## EXERCISE AIM
Transcribe only the lines in the data below falling between the line with "Big bold cloudy" and the line with "Kuchyňa alebo kuchynka", including those two lines, and leave out any picture.

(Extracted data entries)
* * *
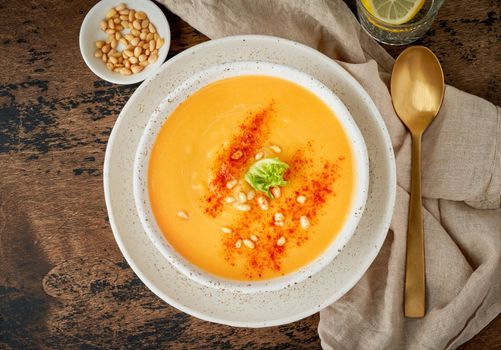 Autumn pumpkin soup with smoked paprika, pine nuts, vegetarian dish, healthy and dieting food on dark background, top view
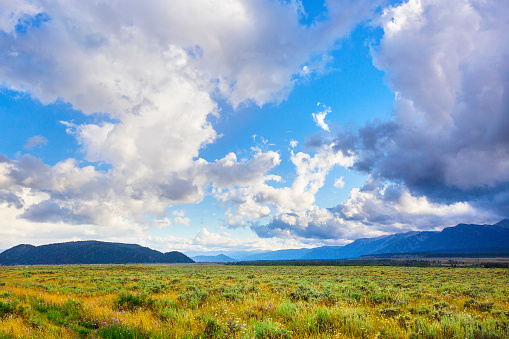 Big bold cloudy sky over the open spaces just outside of Jackson Hole, Wyoming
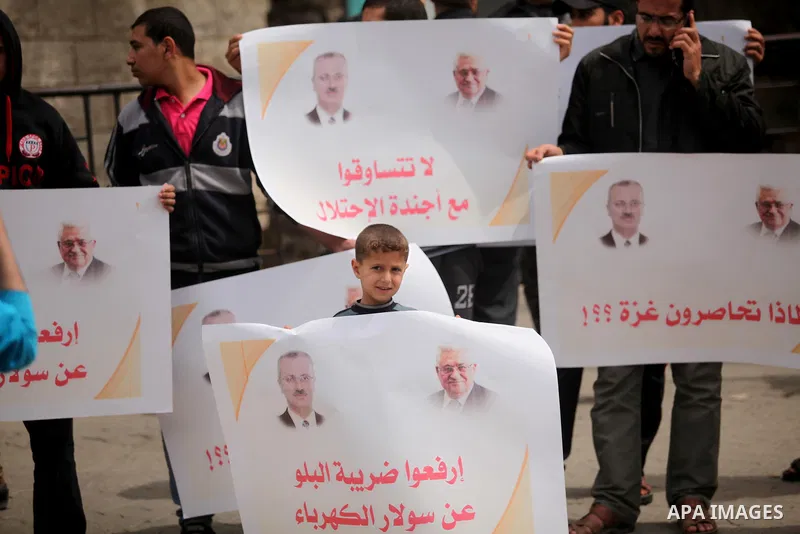 Palestinians hold banners during a protest against a power cut, in front of the Council of Ministers, in Gaza city, on April 11, 2016. Photo by Ashraf Amra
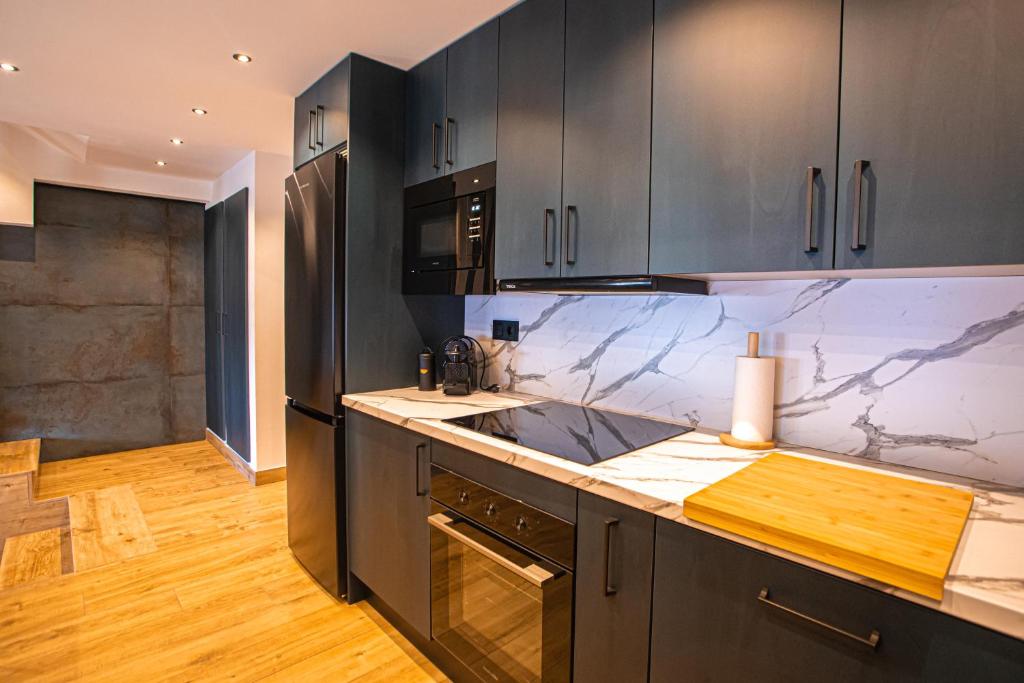Kuchyňa alebo kuchynka v ubytovaní APARTAMENTO BLOSSOM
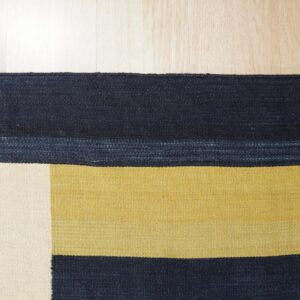 Flatweave rug with blocks of navy blue, gold, and cream on light wood plank flooring.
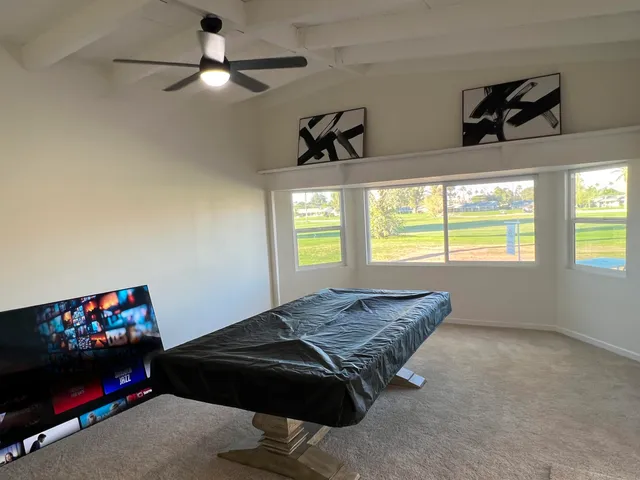 a bedroom with a bed and a tv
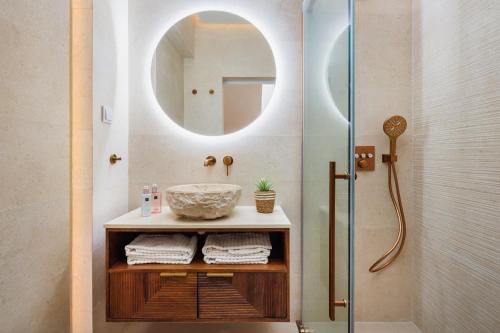 a bathroom with a sink and a shower with a mirror at Beach villa with ocean view and rooftop cinema in Guia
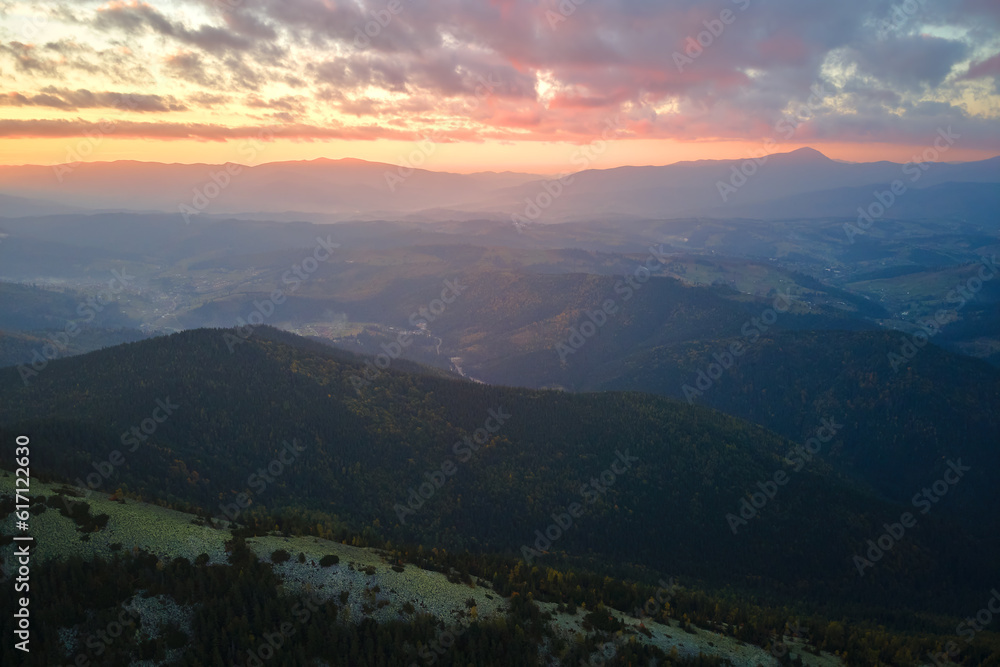 Aerial view of amazing scenery with foggy dark mountain peak covered with forest pine trees at autumn sunrise. Beautiful wild woodland with shining rays of light at dawn Aerial view of amazing scenery with foggy dark mountain peak covered with forest pine trees at autumn sunrise. Beautiful wild woodland with shining rays of light at dawn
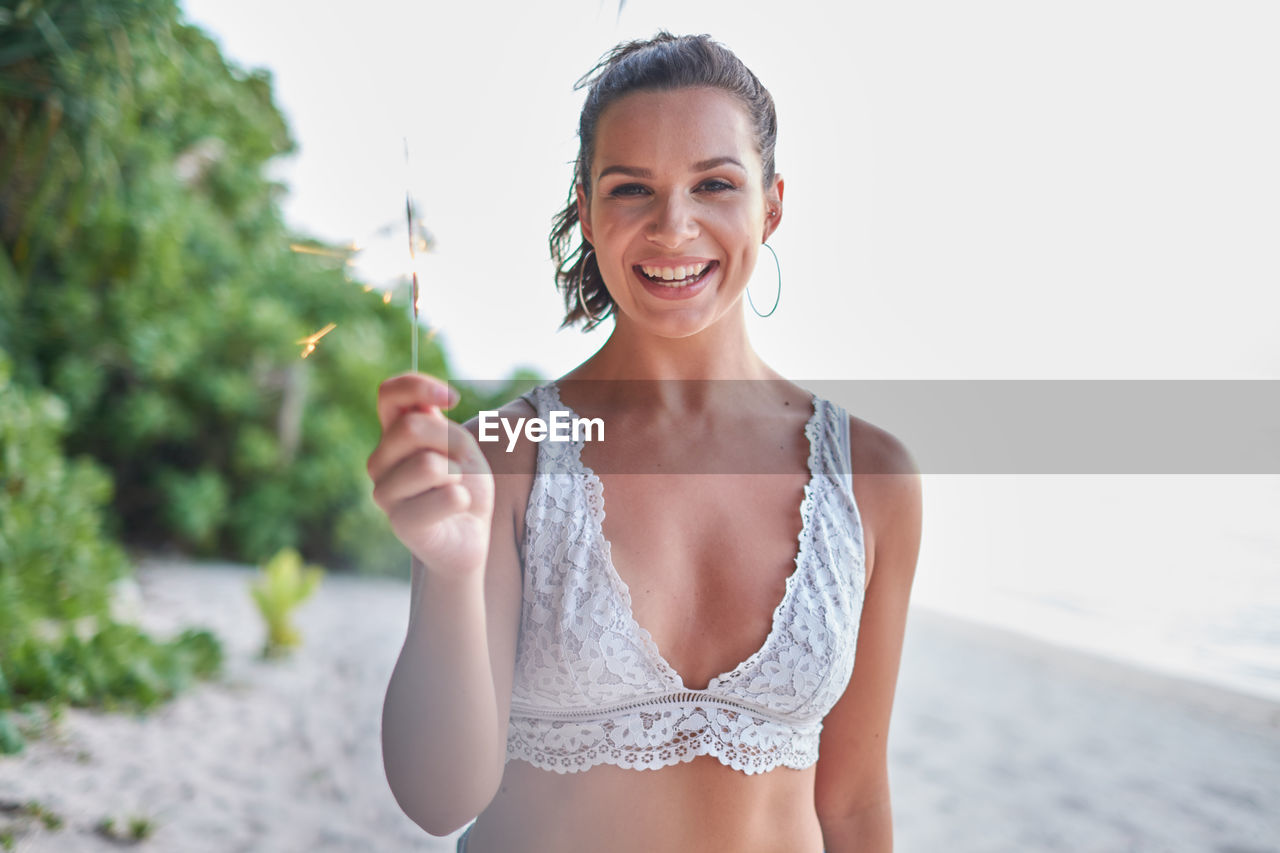 Portrait of smiling young woman holding illuminated sparkler while standing at beach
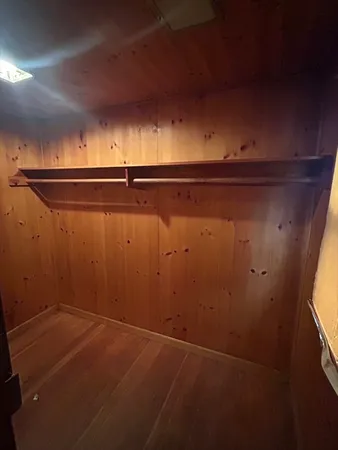 an empty room with a empty space and a window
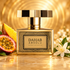 Kajal Dahab Absolu perfume with passion fruit, mango, and white blossoms on golden stone.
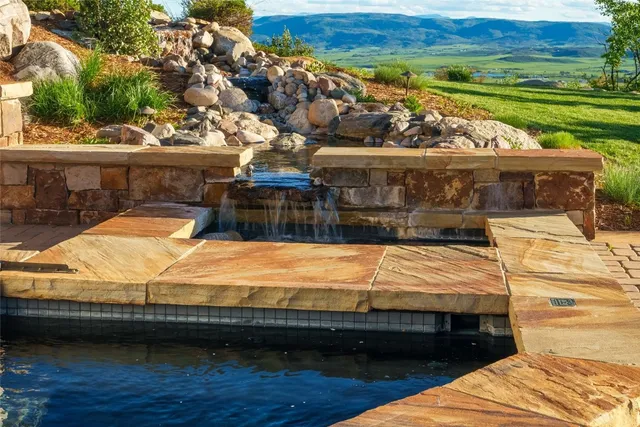 a view of swimming pool with a lounge chairs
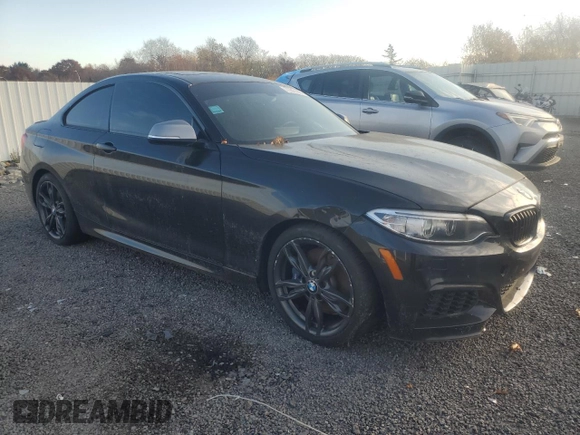 2016 BMW 2 Series M235i xDrive with VIN WBA1J9C57GV371986, listed as a Copart auction lot 77871604 with 0 mi miles and Salvage Title. Bid and sale history available at carsss.com. Image 4.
* * *
## ANSWER TO THIS PROBLEM
 Big bold cloudy sky over the open spaces just outside of Jackson Hole, Wyoming
 Palestinians hold banners during a protest against a power cut, in front of the Council of Ministers, in Gaza city, on April 11, 2016. Photo by Ashraf Amra
Kuchyňa alebo kuchynka v ubytovaní APARTAMENTO BLOSSOM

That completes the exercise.